I had the pleasure of interviewing Jim Froeschle, senior sales director for Stuller and former Stuller Interiors executive, recently for an article about how small jewelry retailers can maintain their competitive edge in the face of increasing competition.
I wasn’t able to fit all his smart ideas into the article (out in the September–October issue!), so I wanted to share this short list—a rundown of crucial retail areas he advises his clients to zero in on.
“These are four areas where jewelry retailers can do it better and faster than the big-box stores and online retailers,” he notes, adding, “and they can do them with a personal touch, which makes all the difference.”
Blue Nile is certainly a tempting option for consumers shopping for wedding jewelry.

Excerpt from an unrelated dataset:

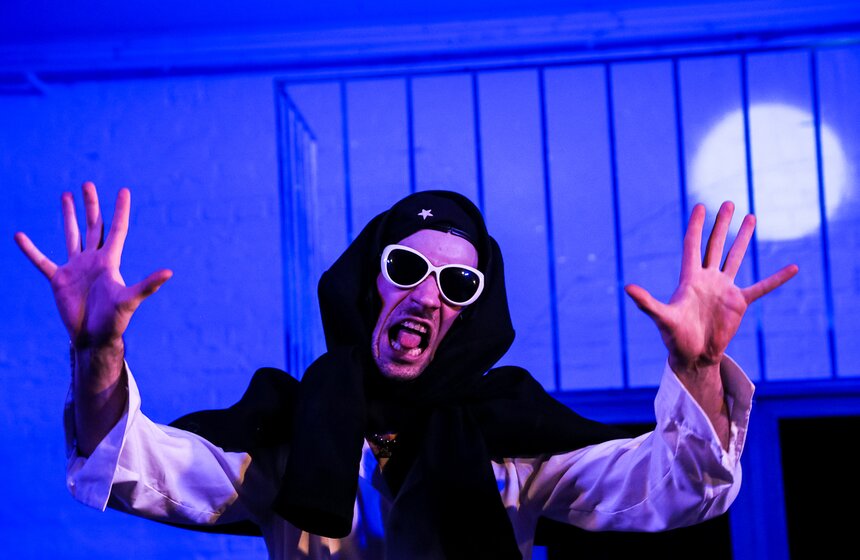 Спектакль "Сирано" в театре МОСТ. Фоторепортаж 30 фото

But studies show that brides and grooms overwhelming want to browse in person for what, in many cases, is their first major fine jewelry purchase. Which is why savvy indie retailers including Catbird in New York City, Esqueleto in California, and Art + Soul in Boulder, Colo., have made stocking a wide selection of trendy-but-traditional and “alternative” bridal styles the focal point of their businesses.
Tiffany & Co. and Pandora maintain slick social feeds—but independents have the ability to align themselves with their region, town, and community on social media in a way that the big guys just can’t.
“Something like 60-some percent of bridal customers want to make at least one change to the ring they’re looking at,” says Froeschle. “To me, a retailer has to have resource on their floor where they are showing customers they can change or make changes to a style.” He adds that the resource doesn’t have to be a full-blown CAD program. Stuller, for one, offers retailers the ability to put their digital “skin” on the company’s inventory showcase—so retailers can sit down with clients and show that they can swap in a bigger diamond or choose a different metal.
Having an in-house repairs shop, staffed with skilled and creative pros, is a fail-proof way to maintain a competitive edge. Undoubtedly, jewelry repair businesses will increasingly emerge online. But, as with buying bridal, consumers have expressed a strong desire to discuss their repairs in person.